ESO
11/06/2019

Very Large Telescope do ESO (VLT). Crédito: A. Ghizzi Panizza/ESO

O Breakthrough Watch, um programa astronômico global que procura planetas do tipo terrestre em torno de estrelas próximas, e o Observatório Europeu do Sul (ESO), a principal organização astronômica intergovernamental europeia, anunciaram hoje a “primeira luz” de um novo instrumento de busca de planetas montado no Very Large Telescope do ESO, no deserto do Atacama, Chile.

O instrumento, chamado NEAR (Near Earths in the AlphaCen Region), foi concebido para procurar exoplanetas no nosso sistema estelar vizinho, Alfa Centauri, nas “zonas habitáveis” das suas duas estrelas semelhantes ao Sol, onde a água poderá potencialmente existir em forma líquida. O instrumento foi desenvolvido nos últimos três anos e construído em colaboração com a Universidade de Uppsala na Suécia, a Universidade de Liège na Bélgica, o Instituto de Tecnologia da Califórnia nos EUA e o Telescópio Óptico Kampf em Munique na Alemanha.

Desde o dia 23 de maio que os astrônomos do Very Large Telescope do ESO (VLT) levam a cabo uma campanha de observação de 10 dias para estabelecer a presença ou ausência de um ou mais planetas no sistema estelar. As observações terminarão amanhã, dia 11 de junho. Os planetas no sistema (pelo menos duas vezes maiores que a Terra) seriam detectáveis com esta instrumentação melhorada. O intervalo de comprimentos de onda observado, do infravermelho próximo ao infravermelho térmico, é significativo já que corresponde ao calor emitido por um candidato a planeta, possibilitando assim aos astrônomos determinar se a temperatura do planeta permitirá a existência de água líquida.

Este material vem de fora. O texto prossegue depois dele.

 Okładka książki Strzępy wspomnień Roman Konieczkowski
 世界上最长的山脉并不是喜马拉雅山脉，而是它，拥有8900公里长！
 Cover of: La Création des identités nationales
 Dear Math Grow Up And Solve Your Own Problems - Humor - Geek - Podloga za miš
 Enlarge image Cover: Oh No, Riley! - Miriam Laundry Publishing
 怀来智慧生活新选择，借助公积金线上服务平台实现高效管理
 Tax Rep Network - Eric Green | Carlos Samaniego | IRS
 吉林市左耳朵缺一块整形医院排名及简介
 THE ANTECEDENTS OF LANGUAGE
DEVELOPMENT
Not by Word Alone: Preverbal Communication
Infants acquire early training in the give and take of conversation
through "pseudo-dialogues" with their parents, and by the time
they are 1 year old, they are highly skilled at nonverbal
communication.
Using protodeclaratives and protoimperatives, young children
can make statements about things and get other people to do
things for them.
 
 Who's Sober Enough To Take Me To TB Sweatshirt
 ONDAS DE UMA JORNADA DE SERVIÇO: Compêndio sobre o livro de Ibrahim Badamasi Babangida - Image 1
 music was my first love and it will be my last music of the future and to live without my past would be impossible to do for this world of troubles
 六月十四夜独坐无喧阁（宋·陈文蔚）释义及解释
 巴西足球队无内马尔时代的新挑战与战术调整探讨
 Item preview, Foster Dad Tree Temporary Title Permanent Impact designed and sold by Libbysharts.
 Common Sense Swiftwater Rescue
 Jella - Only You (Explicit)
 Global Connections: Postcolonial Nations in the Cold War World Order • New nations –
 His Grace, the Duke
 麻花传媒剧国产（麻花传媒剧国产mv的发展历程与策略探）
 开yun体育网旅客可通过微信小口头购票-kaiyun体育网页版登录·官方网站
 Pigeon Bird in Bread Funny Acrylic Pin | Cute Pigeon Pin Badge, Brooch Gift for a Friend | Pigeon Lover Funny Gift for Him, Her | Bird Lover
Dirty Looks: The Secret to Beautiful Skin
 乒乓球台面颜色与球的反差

O sistema Alfa Centauri é o mais próximo do nosso Sistema Solar, situando-se a cerca de 4,37 anos-luz de distância. É constituído por duas estrelas do tipo do Sol, Alfa Centauri A e B, e uma estrela anã vermelha, Proxima Centauri. O conhecimento atual que temos dos sistemas planetários de Alfa Centauri é escasso. Em 2016, uma equipe de pesquisadores utilizou instrumentos do ESO para descobrir um planeta do tipo da Terra em órbita de Proxima Centauri. No entanto, Alfa Centauri A e B permanecem ainda variáveis desconhecidas; não é claro quão estáveis serão tais sistemas binários para planetas do tipo terrestre e por isso a maneira mais promissora de estabelecer se tais planetas existem é tentar observá-los.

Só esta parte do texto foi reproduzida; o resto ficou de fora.